In June 2017, Khashoggi left Saudi Arabia for the United States, where he has since written for The Washington Post. Khashoggi has become an outspoken critic of the Saudi government and crown prince, both in print and on various television networks.
“I have left my home, my family and my job, and I am raising my voice. To do otherwise would betray those who languish in prison,” Khashoggi wrote for thePost in September 2017. Of Mohammad bin Salman, Khashoggi said, “Yes, he’s fulfilling a promise to purge radicalism in Saudi Arabia. But… he’s not allowing any form of expression, except expression that supports him.”
One week ago, Khashoggi and his fiancée, a Turkish citizen, went to the Saudi consulate in Istanbul so that Khashoggi could fill out paperwork that would allow them to marry. Khashoggi, reassured by friends that Saudi officials would not arrest him, entered the building. His fiancée waited outside. Khashoggi never came out.

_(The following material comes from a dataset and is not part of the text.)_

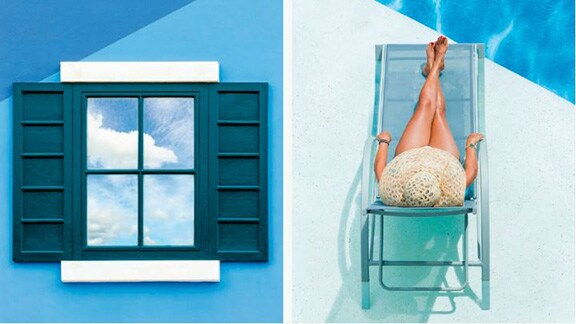 Collage of graphic illustration of an open window and a woman sunbathing by the poolside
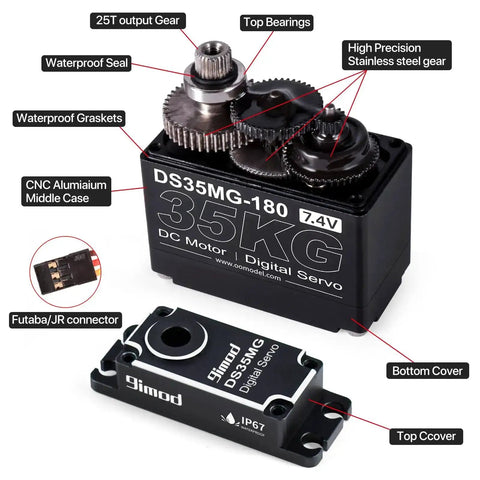 Close-up of Waterproof 35Kg Beefy Torque RC Steering Servo with full metal gears and digital high speed, showing parts and features.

Turkish investigators say they believe Khashoggi was murdered inside the consulate, that the murder was planned in advance, and that Saudis smuggled his body from the building. The Saudi government denies the charge. No evidence has yet been publicly presented, but the astonishing accusation that Saudis have murdered a journalist in the heart of Istanbul has made headlines around the world.
The bigger picture: Beyond speculation about Khashoggi’s fate is a stark reminder of the shifting geopolitics of the Middle East. Relations between Turkey and Saudi Arabia are already strained, in part because Turkey has maintained constructive relations with Iran, a bitter Saudi rival that MBS wants to isolate. Turkey also has warm relations with Qatar, a country the Saudis have blockaded. Turkey’s own political system represents a brand of political Islam that Saudis see as part of an Arab Spring-related threat to the region.
How can Turkey respond to this shocking event? In the past, Turkey might have appealed for help to the United States, its NATO ally. To put it politely, this is an awkward moment for such an appeal. President Donald Trump has warm relations with the future Saudi king, and just two months ago Trump took the extraordinary step of imposing sanctions on Turkey in response to the detention of a US preacher still held inside that country.
Adding to Turkey’s isolation is the grim irony that this country is hardly a friend to reporters. In fact, Turkey is “the world’s biggest prison for professional journalists,” according to Reporters Without Borders, a rights organization.
In short, there’s just not much Turkey can do about this.